Comentei outro dia nesse post aqui, que eu e a Marcia fomos para a Cidade do México para um treinamento com Al Gore. Imaginávamos uma cidade feia, caótica, pouco convidativa. Com seus 25 milhões de habitantes, essa megalópole latino-americana que é a segunda maior do mundo, nos surpreendeu para o bem. Para quem vive em São Paulo, é quase impossível não fazer comparações. E as que mais surgiam, irremediavelmente, eram em relação ao transporte público e sustentável. Na Cidade do México, o metrô tem 12 linhas – e não houve um lugar que quisemos ir que o metrô não nos levou. A seguir, uma seleção de cenas de transporte verde, começando por essa foto simbólica: não haveríamos percebido a estátua no canteiro central da Avenida Reforma, uma das referências da cidade, se um pedestre que passava ao lado dela não tivesse tocado o sino – que faz as vezes de buzina. Muito simpático!

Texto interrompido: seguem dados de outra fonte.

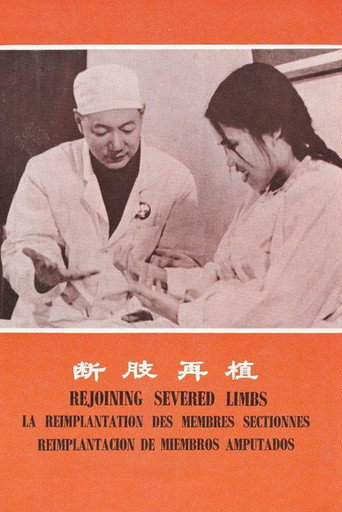 断肢再植 (1972年)のポスター画像 - FindKey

Acima, no centro histórico, o semáforo para pedestre com cronômetro – para saber se dá tempo de atravessar a rua e não correr o risco de ficar parado em meio aos carros (infelizmente, em outras áreas da cidade, muitas vezes é preciso se meter na frente dos carros, que ignoram a faixa de pedestre, ajudados pela falta de semáfaro para quem está a pé).